Painting memorializes troopers' sacrifices.

PositionLOCAL NEWS

Byline: Kim Ring

NEW BRAINTREE - The two state troopers shook hands at the Old Timers bar in Clinton that last time 57 years ago.

Raymond T. Alzapiedi promised he'd be back by Christmas and Alje M. Savela said, "I'll be a father by then."

Ten days later, on Aug. 31, 1951, Trooper Savela was dead.

"He never saw that baby," Mr. Alzapiedi said.

Mr. Alzapiedi, who would later earn the rank of captain with the Massachusetts State Police, was in Georgia, called up for the Korean War, when another man from Boston asked him if he knew the trooper who had been killed.

He said he didn't think so - until his friend showed him The Boston Globe and he read about a trooper who was gunned down with a 9 mm automatic pistol while he sat in his cruiser at Route 122 and Old Hardwick Road in Barre.

"It was Alje," he said, recalling the moment last week as he gestured toward a painting of his state police academy classmate.

On Wednesday, Mr. Alzapiedi met with Trooper Michael Wilmot, an assistant armorer at the State Police Academy range that is named for Trooper Savela, to see a painting depicting his old friend and four others killed by gunfire in the line of duty.

The 13-by-10-foot painting has been lost and found several times and plucked from a trash can on more than one occasion. Not too long ago, a forlorn-looking Lt. Michael Domnarski was at the academy, with the painting rolled out on the gymnasium floor, when Trooper Wilmot happened by and asked what was wrong.

"I said, `Mike, I had this painting done eight years ago and I'm sad that I could never get it framed and hung up properly,'" Lt. Domnarski said.

Trooper Wilmot took up the task, spending his off-duty hours finding someone to restore and frame the painting. The State Police Association of Massachusetts, the troopers' union, ponied up the money for the project.

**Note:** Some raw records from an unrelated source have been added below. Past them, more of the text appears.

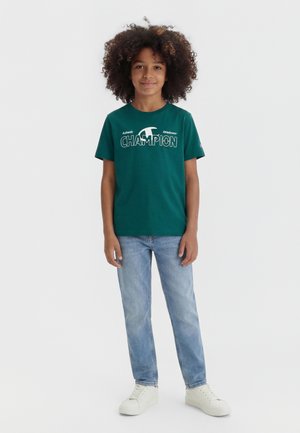 Champion GRAPHIC CREWNECK  WITH LOGO - T-shirts print - stor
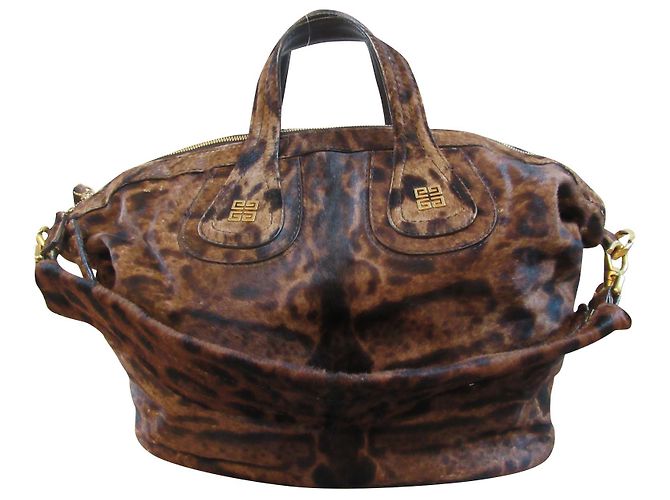 Bolsa de mão Givenchy em pele com padrão de leopardo Estampa de leopardo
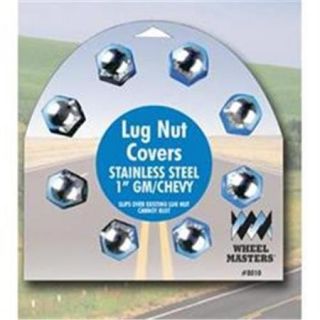 Wheelmaster 8012 1. 5 Stainless Stell Lug Nut Cover, 6 Pack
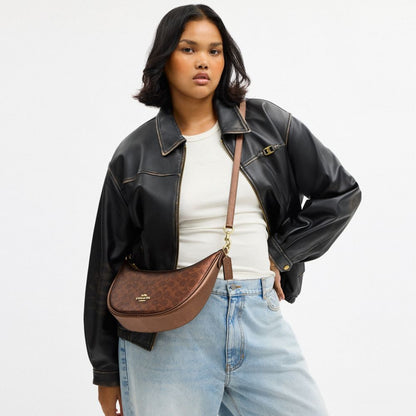 Coach Aria Shoulder Bag In Signature Canvas Im Brown Copper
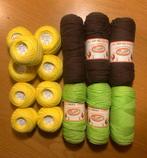 15x Vintage Breikatoen oa Durable groen bruin geel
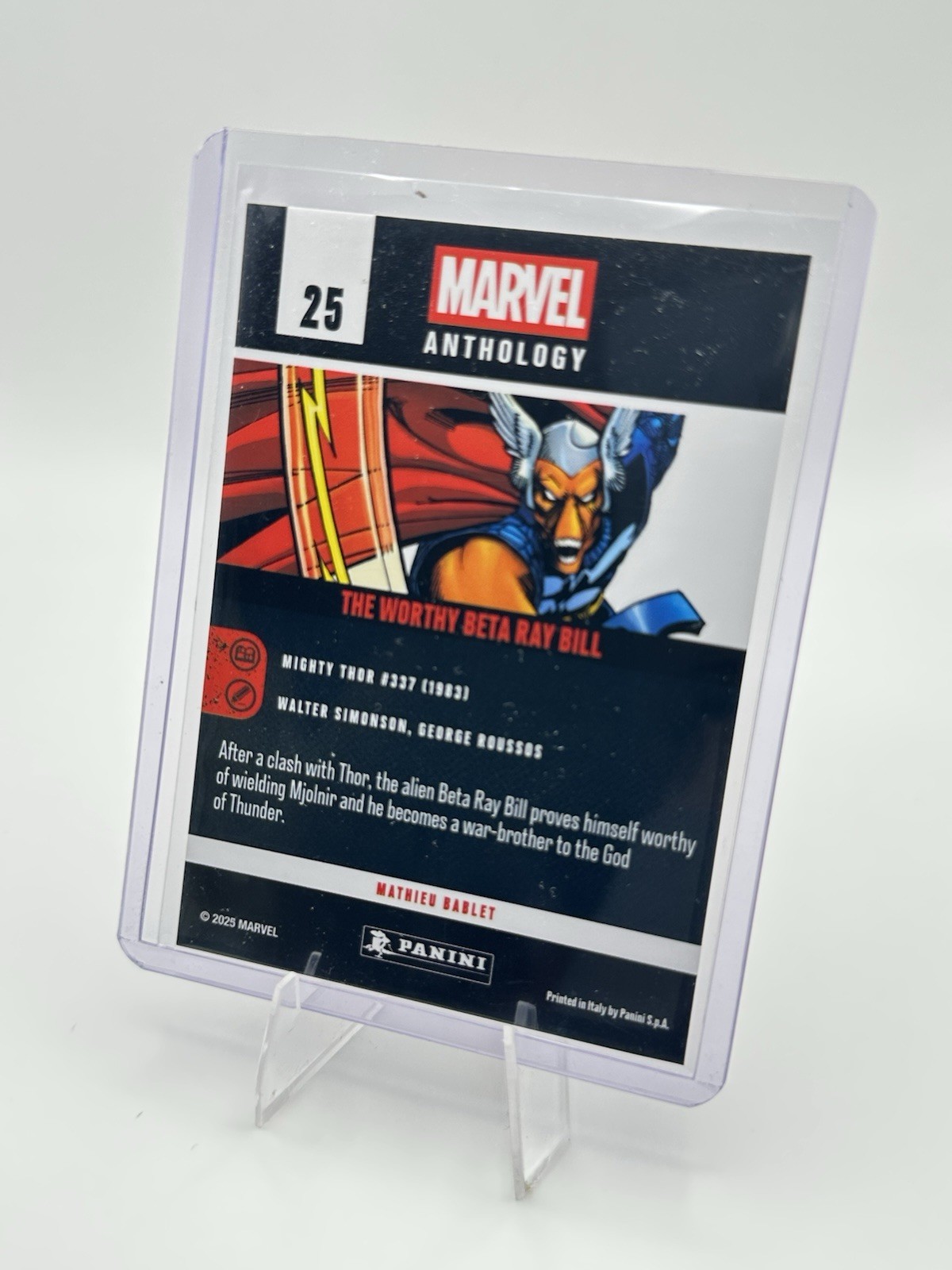 Panini Marvel Anthology The Worthy Beta Ray Bill #25 54/500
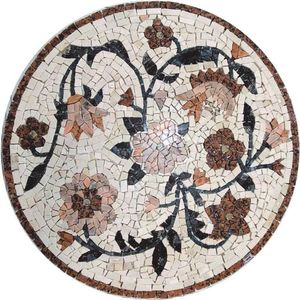 Mandala Mosaico Floral Fantasia Redondo Tamanho 130cm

John and Maureen Connolly of the Aisling Gallery brought in artist Vincent Crotty to help make the repairs. They built the frame, the largest they'd ever made. And because they'd been acquainted with the family of slain Trooper Mark S. Charbonnier, they charged only what the work cost them: $2,500. Once completed, the painting was hung up at the range.

Lt. Domnarski was pleased to see the painting displayed. He said he'd commissioned it using grant funds when he oversaw operations at the range because he wanted young troopers to have a reminder of the importance of firearms training.

"Every one of these guys died from gunfire," he said.